= Exercise requirements =
Leave the pictures out, and repeat exactly every line from the one with "王予柔和李宗瑞关系怎么样 月事妹是第几集" through the end of the data below.

= Materials provided =
_ _ _ _ _ _ _

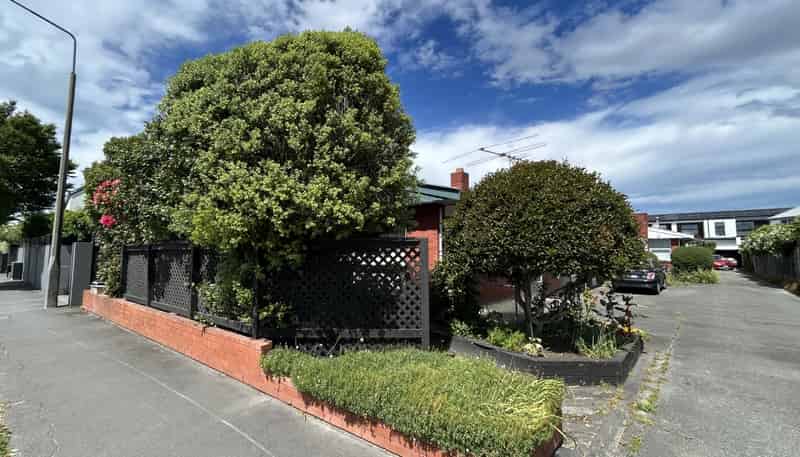 1/38 St Albans Street, Saint Albans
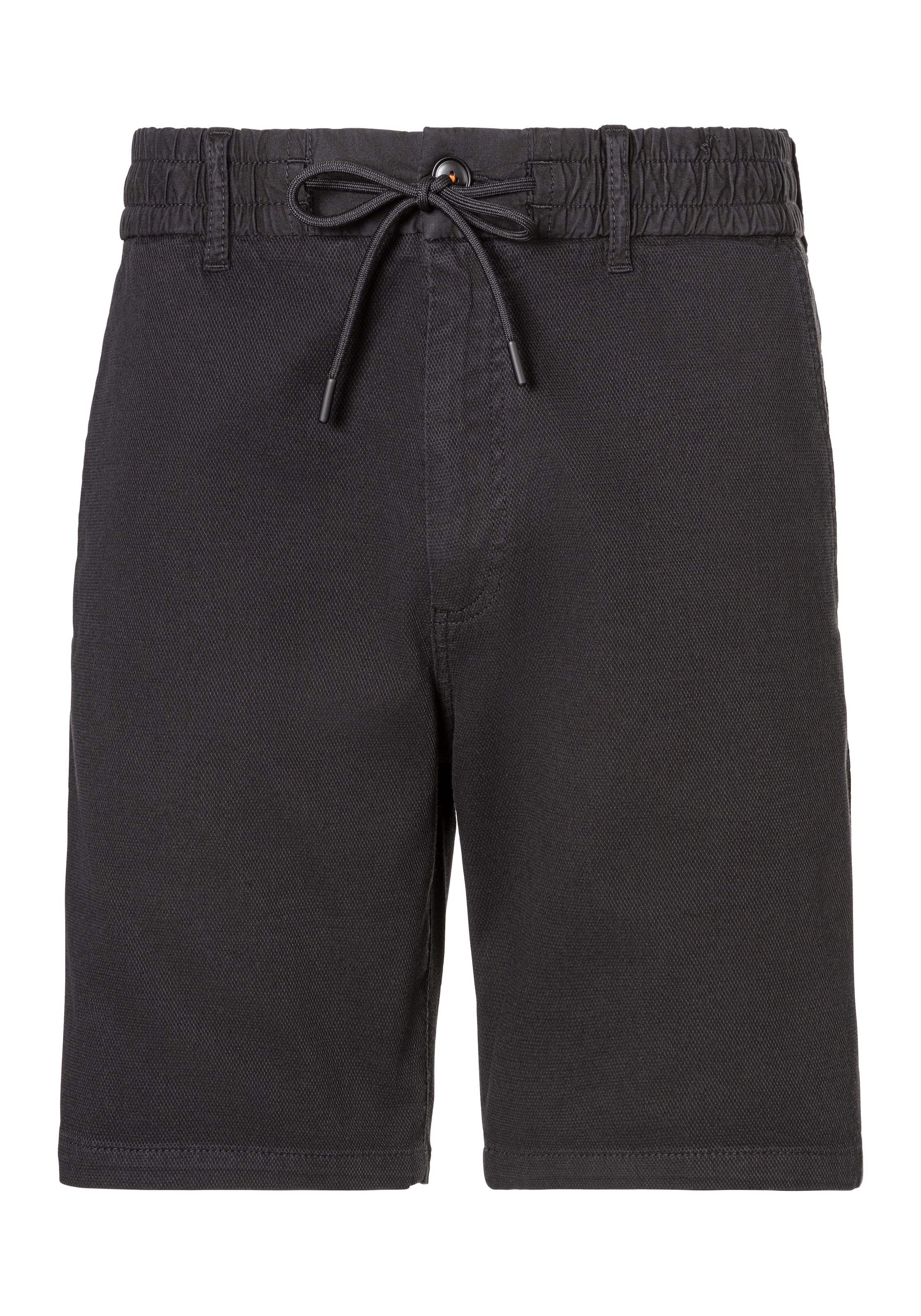 Chinohose »Chino-Tapered-DS-S«, mit Kordelzug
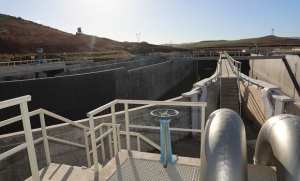 Hamma Bouziane (Constantine) -  4,6 milliards DA pour l’aménagement et l'extension de la STEP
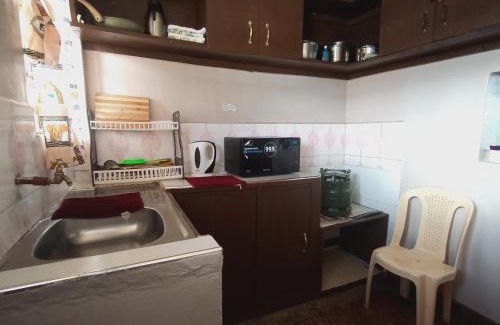 Eldoret Apartment | Eldoret Home away from Home @ Mulberry Residence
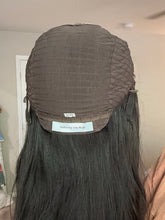 Load image into Gallery viewer, Preorder: Jessie is a 23” layered length with premium Brazilian quality human hair
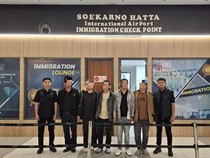 Bikin Ribut di NTT, 5 WNA China Dideportasi dan Ditangkal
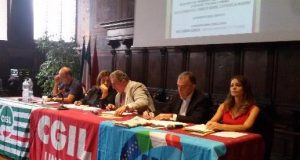 Rossi su Italia di mezzo: “Idea matura, da qui al 2020 passo avanti definitivo”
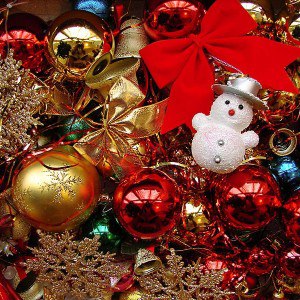 Christmas Hits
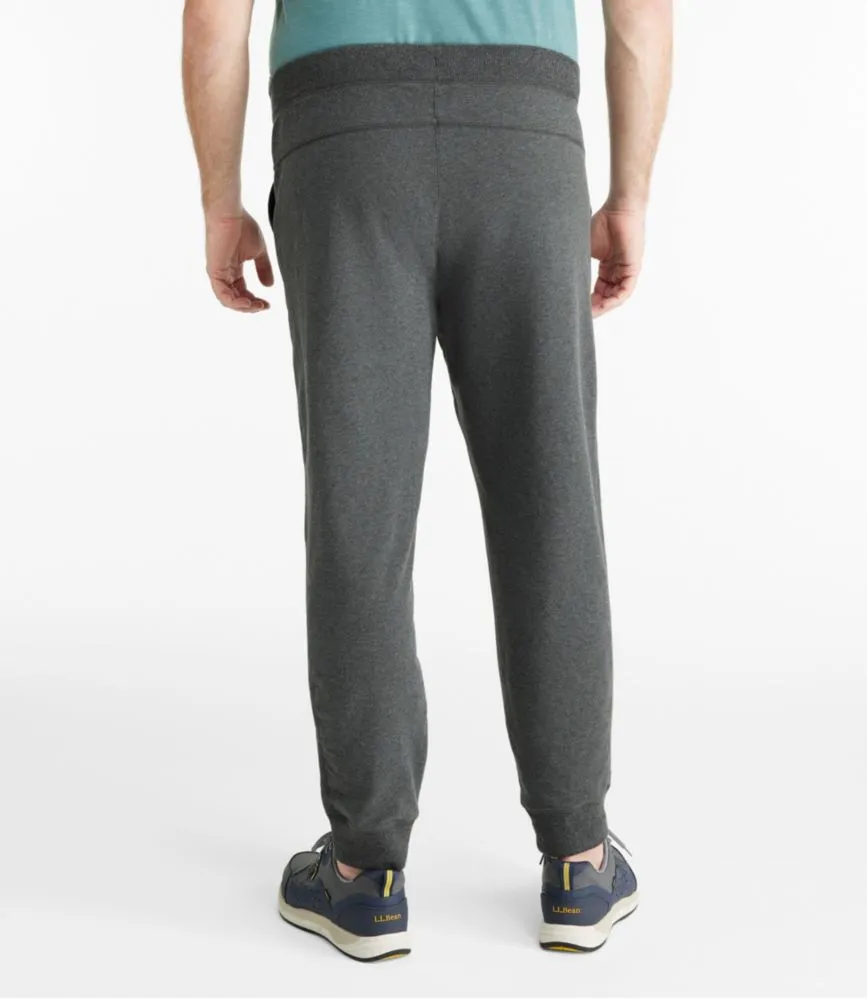 Men's Comfort Waffle Jogger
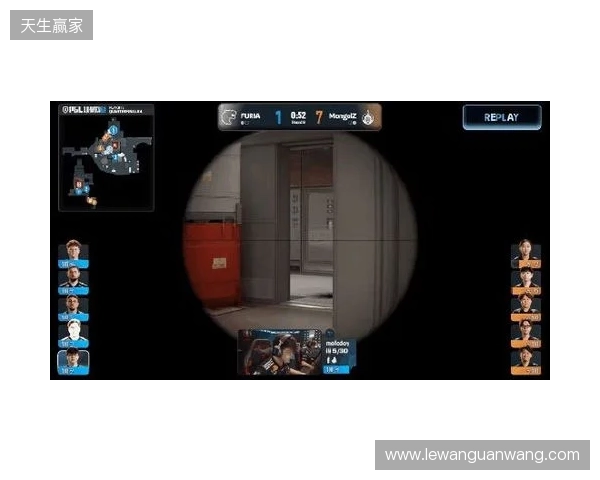 PGL 克卢日-纳波卡2026:卷土重来!MongolZ 2-1 FURIA PGL 克卢日-纳波卡2026:卷土重来!MongolZ 2-1 FURIA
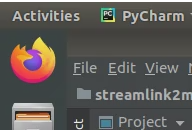 ffmpeg-python 從 x11grab 獲取輸入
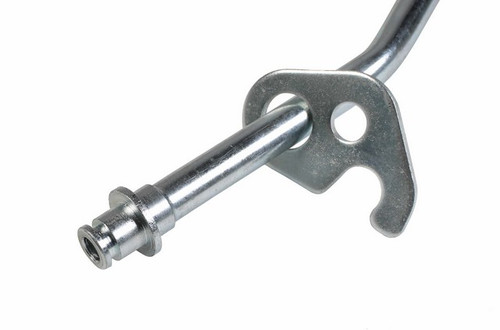 Sunsong Power Steering Pressure Line Hose Assembly 3402421 - view 2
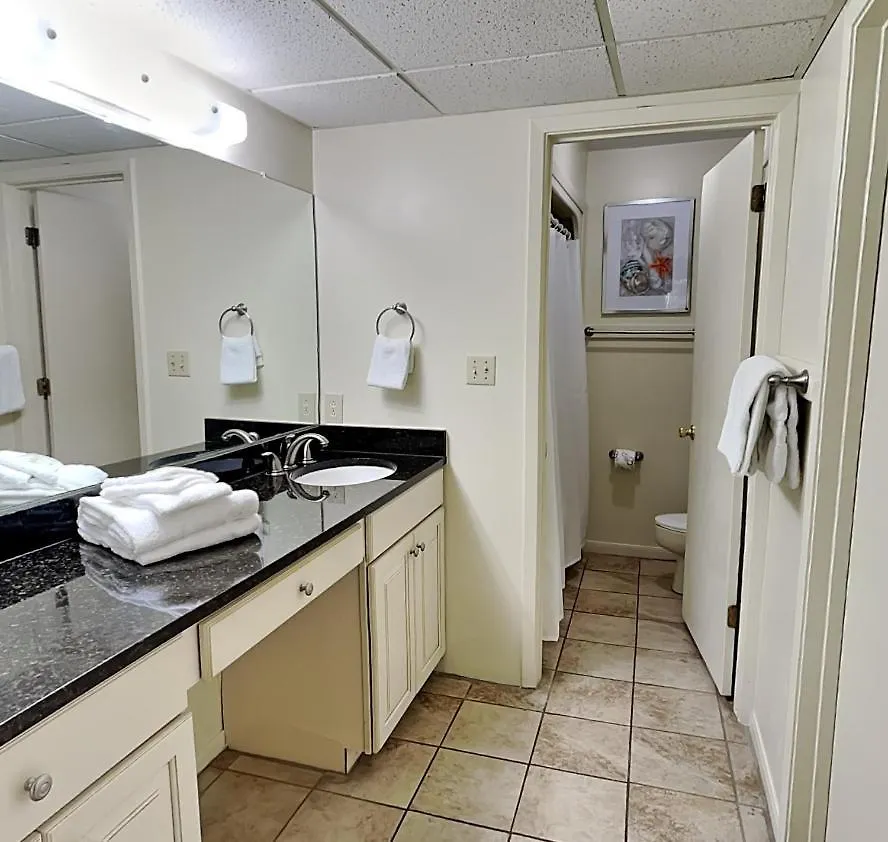 Edgewater Villa 1607 Panama City Beach 0*,  United States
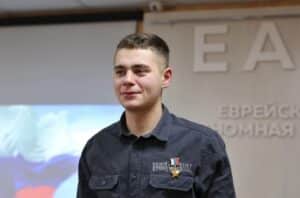 оккупант Ефрейтор Матвеев Тимофей Александрович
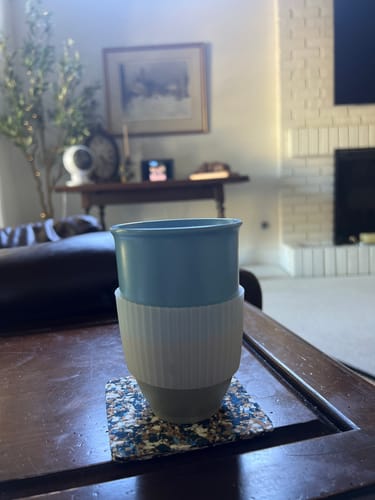 Customer photo review of Coastal Drift 12oz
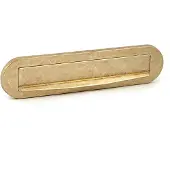 Mariani Briefplaat Ronald Getrommeld - 95375011
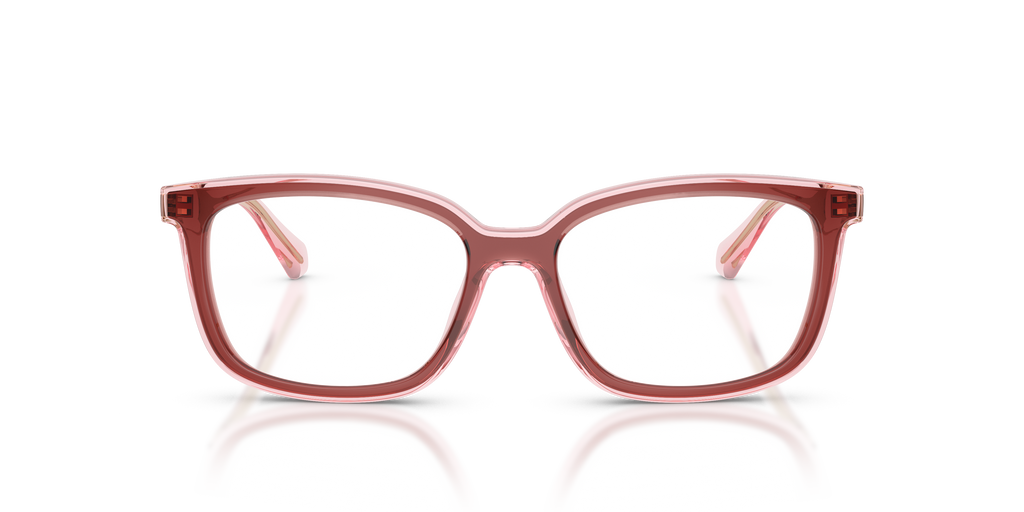 Gafas Oftálmicas Michael Kors Asturias MK4183U Palo de Rosa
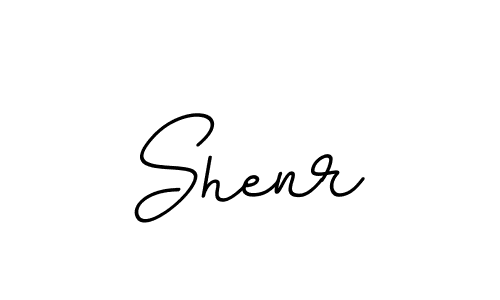 It looks lik you need a new signature style for name Shenr. Design unique handwritten (BallpointsItalic-DORy9) signature with our free signature maker in just a few clicks. Shenr signature style 11 images and pictures png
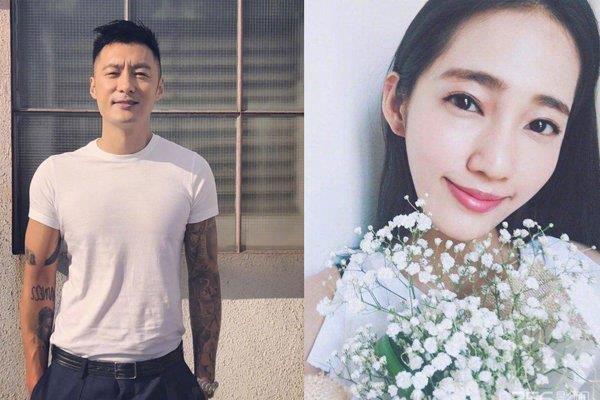 王予柔和李宗瑞关系怎么样 月事妹是第几集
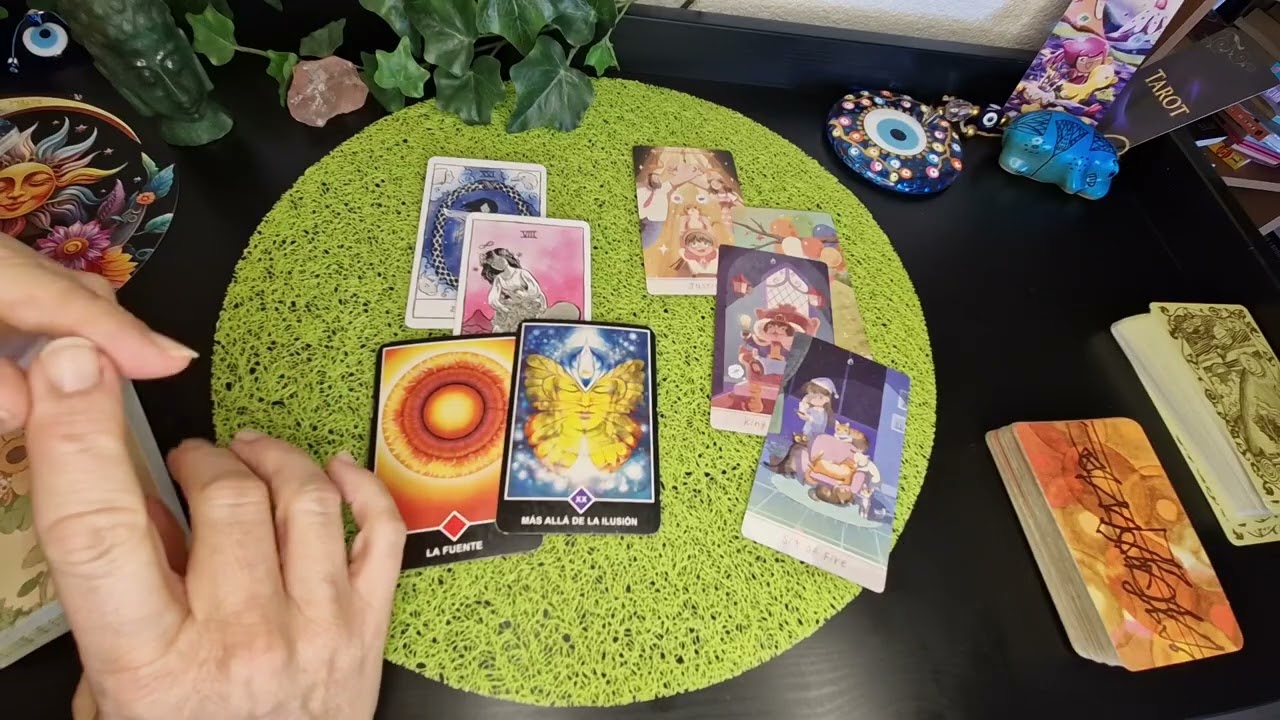❤️FUTURO PRÓXIMO EN EL AMOR ❤️ NUEVO AMOR ❤️ Solteros y p. especial  #tarot #tarotamor #nuevoamor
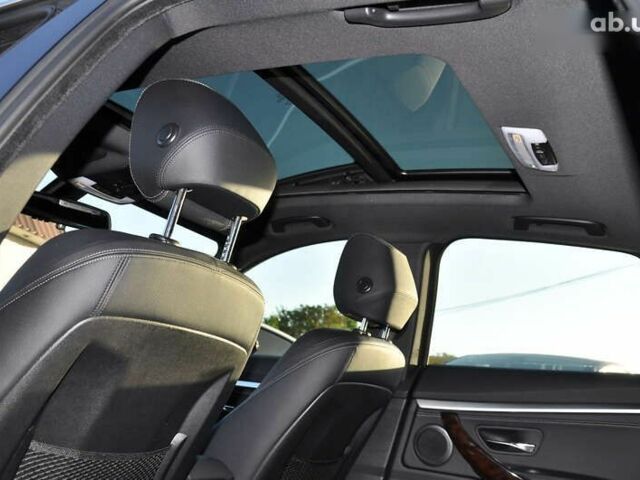 БМВ 3 Серия, объемом двигателя 2 л и пробегом 79 тыс. км за 22900 $, фото 13 на Automoto.ua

_ _ _ _ _ _ _

= Result for this exercise =
 王予柔和李宗瑞关系怎么样 月事妹是第几集
❤️FUTURO PRÓXIMO EN EL AMOR ❤️ NUEVO AMOR ❤️ Solteros y p. especial  #tarot #tarotamor #nuevoamor
 БМВ 3 Серия, объемом двигателя 2 л и пробегом 79 тыс. км за 22900 $, фото 13 на Automoto.ua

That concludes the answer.